Dallas Abbott, William Menke, Michael Hobart and Roger Anderson
Evidence for excess pore pressures in Southwest Indian Ocean sediments
Journal of Geophysical Research(March 1981), 86(B3):1813-1827
Index Terms/Descriptors: Agulhas Plateau; anomalies; clastic sediments; clay; convection; cores; Crozet Basin; experimental studies; geophysical methods; geophysical surveys; geopressure; heat flow; Indian Ocean; Madagascar Basin; marine environment; marine sedimentation; marine sediments; materials, properties; permeability; physical properties; pore pressure; pressure; rates; sedimentation; sediments; seismic methods; soil mechanics; Southwest Indian Ridge; surveys; temperature; theoretical studies; West Indian Ocean
Latitude & LongitudeS44°00'00'' - S20°00'00'' and E20°00'00'' - E70°00'00''
Brown clay cores from the Madagascar and Crozet basins show the following evidence of excess pore pressures: large amounts of flow-in, increasing average sedimentation rate with age, and nonlinear temperature gradients. Additionally, many hilltops in these basins have no visible sediment cover. The bare hilltops may result from periodic slumping caused by excess pore pressures. Calculated excess pore pressures which equal or exceed the overburden pressure were inferred from water fluxes predicted by nonlinear temperature gradients and laboratory permeability measurements by using Darcy's law. Since pore pressures which exceed the overburden pressure are unreasonable, we attribute this discrepancy to laboratory measurements which underestimate the in situ permeability. The widespread presence of overpressured sediments in areas of irregular topography provides a process for resuspension of clay-sized particles. This mechanism does not require high current velocities for the erosion of clay and therefore can be applied to many areas where no strong currents are evident.
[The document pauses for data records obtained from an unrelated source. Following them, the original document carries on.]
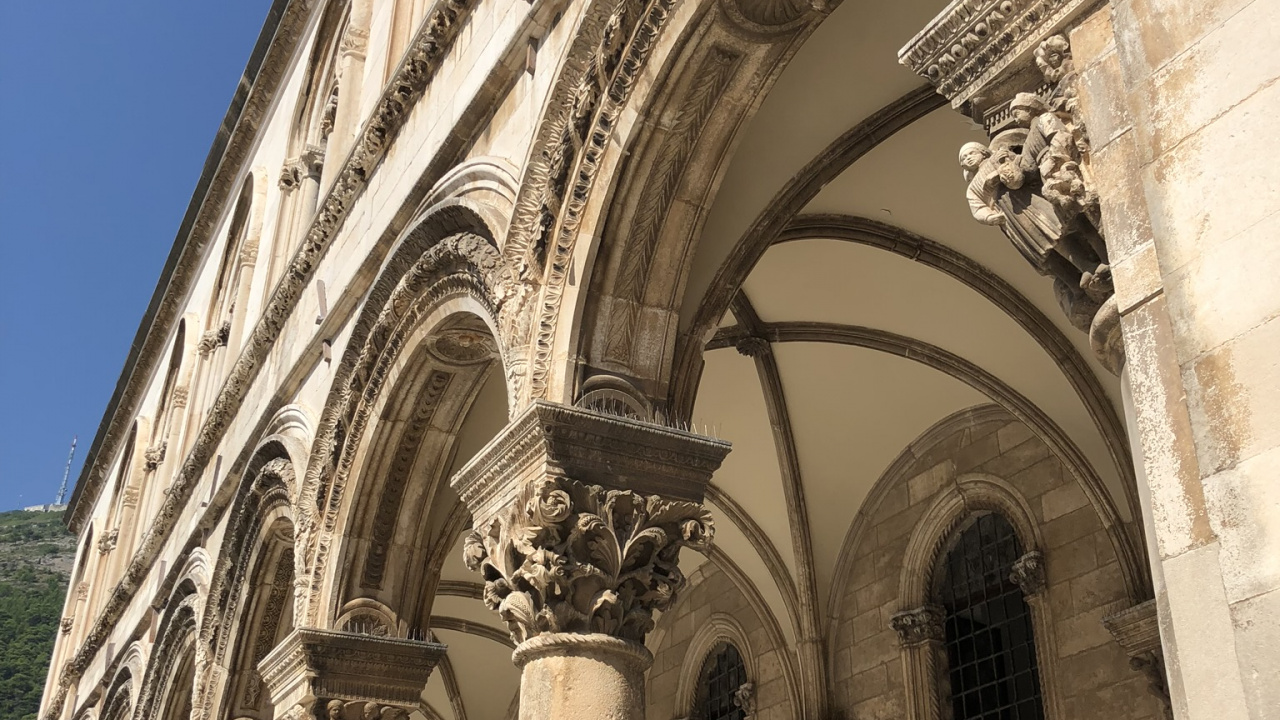 Обои княжеский двор в дубровнике, дворец ректоров, классическая архитектура, историческое место, архитектура в разрешении 1280x720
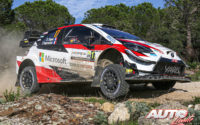 Sébastien Ogier, al volante del Toyota Yaris WRC, durante el Rally de Italia / Cerdeña 2020, puntuable para el Campeonato del Mundo de Rallies WRC.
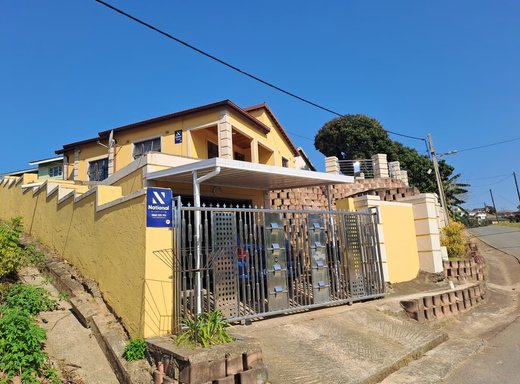 3 Schlafzimmer Haus zum Kauf in Lovu
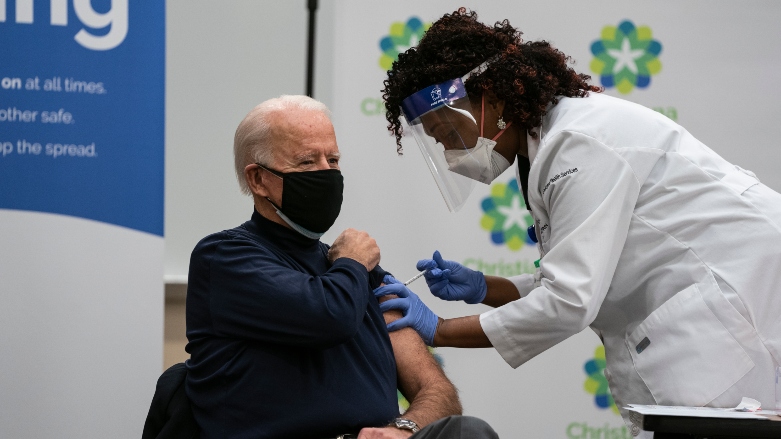 جۆو بایدن بە ڤاکسینی دژی کۆرۆنا کوترا، وێنە: ALEX EDELMAN / AFP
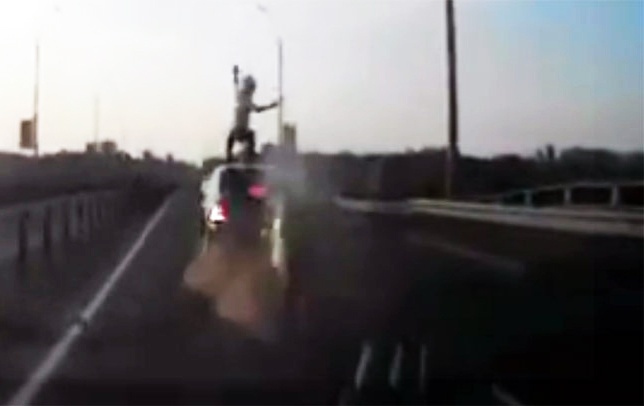 Tinh huong tai nan khong tuong cua mot biker may man hinh anh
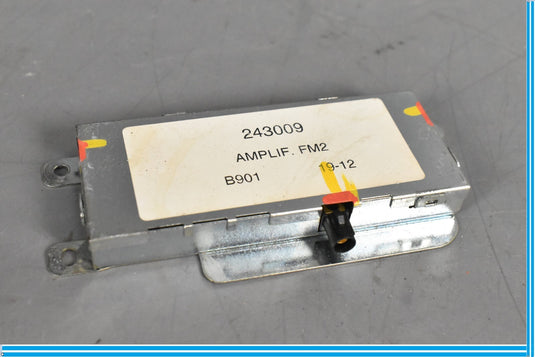 09-13 Maserati Quattroporte M139 Rear Left Antenna AM/FM Amplifier Module Oem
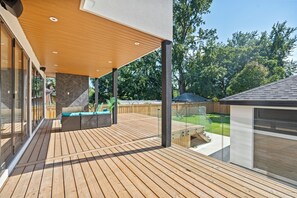 Terrace/patio - Luxury House near Lake (Mississauga)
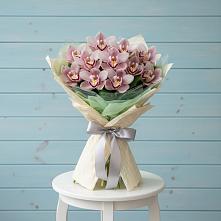 Букет цветов из:  Орхидеи и Розы в Себежи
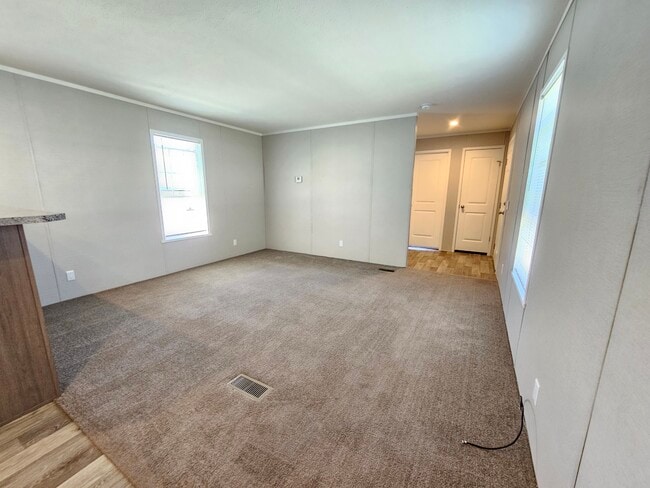 Building Photo - 234 Maple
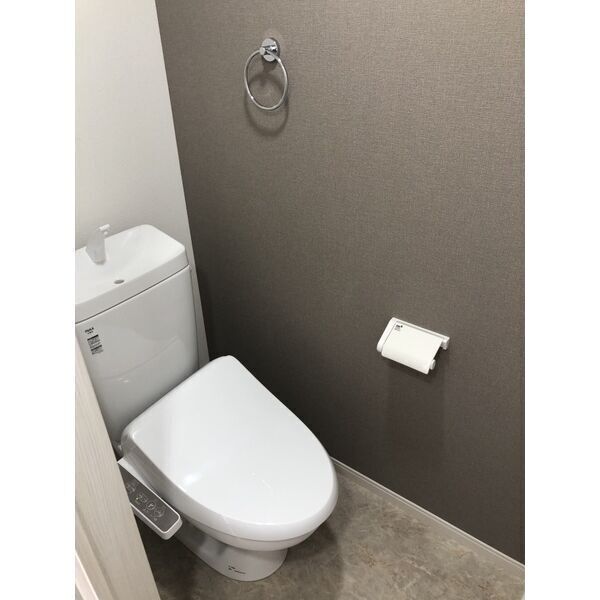 Ambition七里203号室 トイレ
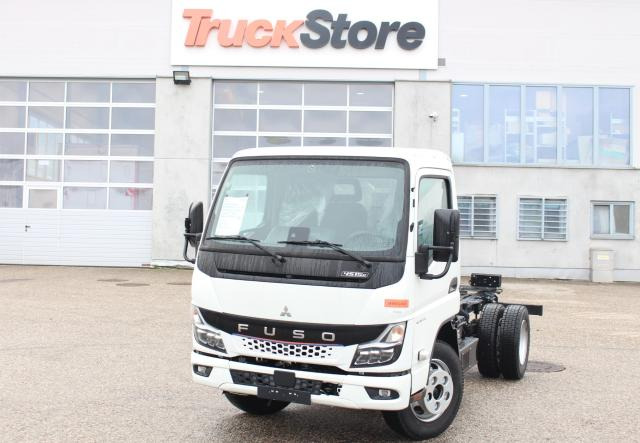 FUSO Canter 4S15E - Fahrgestell LKW: das Bild 1 FUSO Canter 4S15E - Fahrgestell LKW: das Bild 1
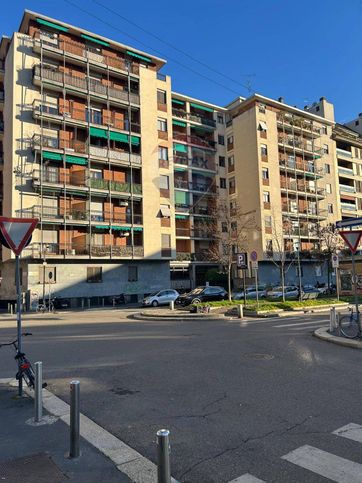 Garage/posto auto in residenziale in Via Carlo Vittadini 3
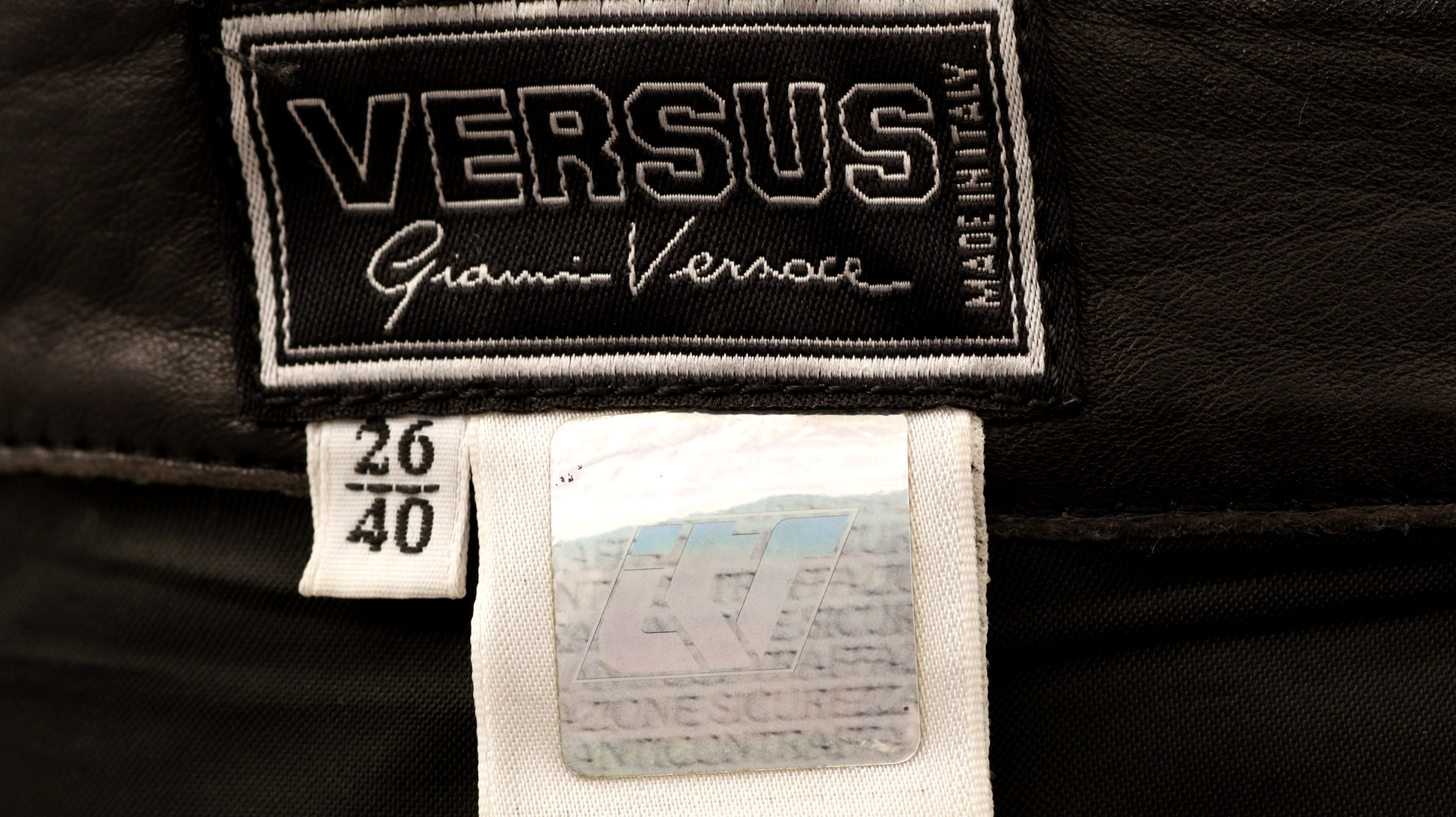 GIANNI VERSACE VERSUS LEATHER SKIRT - eKlozet Luxury Consignment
Carbonate-rich sediments from the Madagascar Ridge, the Mozambique Ridge, and the Agulhas Plateau had almost no flow-in and occurred in areas where all topography was thickly draped with sediment. Since the age and tectonic location of the ridges and plateaus preclude water circulation in the basement, we attribute these differences between the brown clay and the carbonate-rich material to an absence of significant excess pore pressures in the plateau and ridge sediments.